E ao abrigo do art.º 65.º do Código Penal de Macau, a determinação da medida da pena é feita “dentro dos limites definidos na lei” e “em função da culpa do agente e das exigências de prevenção criminal”, tanto de prevenção geral como de prevenção especial, atendendo a todos os elementos pertinentes apurados nos autos, nomeadamente os elencados no n.. 2 do artigo.
Voltando ao nosso caso concreto, o crime em causa, homicídio simples, é punível com a pena de 10 a 20 anos de prisão.
Resultam dos autos que o recorrente é delinquente primário e confessou parte dos factos imputados.
A factualidade apurada nos autos revela que o dolo do recorrente é intenso e são muito graves os factos ilícitos.
No que tange às finalidades da pena, são prementes as exigências de prevenção geral, impondo-se prevenir a prática do crime em causa, que viola frontalmente o direito à vida.
E as circunstâncias alegadas pelo recorrente a seu favor, tais como a apresentação voluntária, colaboração com a polícia para a descoberta da verdade e o arrependimento, todas não foram dadas como assentes pelo Tribunal.
Tudo ponderado, afigura-se-nos adequada e ajustada uma pena de 14 anos de prisão.

4. Decisão
Pelo exposto, acordam em conceder provimento ao recurso, passando a condenar o recorrente na pena de 14 anos de prisão.
Sem custas.
Fixam os honorários ao Defensor do recorrente no montante de 1200 patacas.

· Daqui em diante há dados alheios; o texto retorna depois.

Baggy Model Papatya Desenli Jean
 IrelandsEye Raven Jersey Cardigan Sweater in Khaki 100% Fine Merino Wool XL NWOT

Macau, 22 de Março de 2013

   Juízes: Song Man Lei (Relatora) – Sam Hou Fai –
Viriato Manuel Pinheiro de Lima

1 Pires de Lima e Antunes Varela, Código Civil Anotado, vol. I, pág. 235.
2 Alberto dos Reis, Código de Processo Civil Anotado, vol. V, pág. 123.
3 Cfr. Ac. do TUI, de 23-1-2008, 19-9-2008, 29-4-2009 e 28-9-2011, nos Processos n.ºs 29/2008, 57/2007, 11/2009 e 35/2011, respectivamente.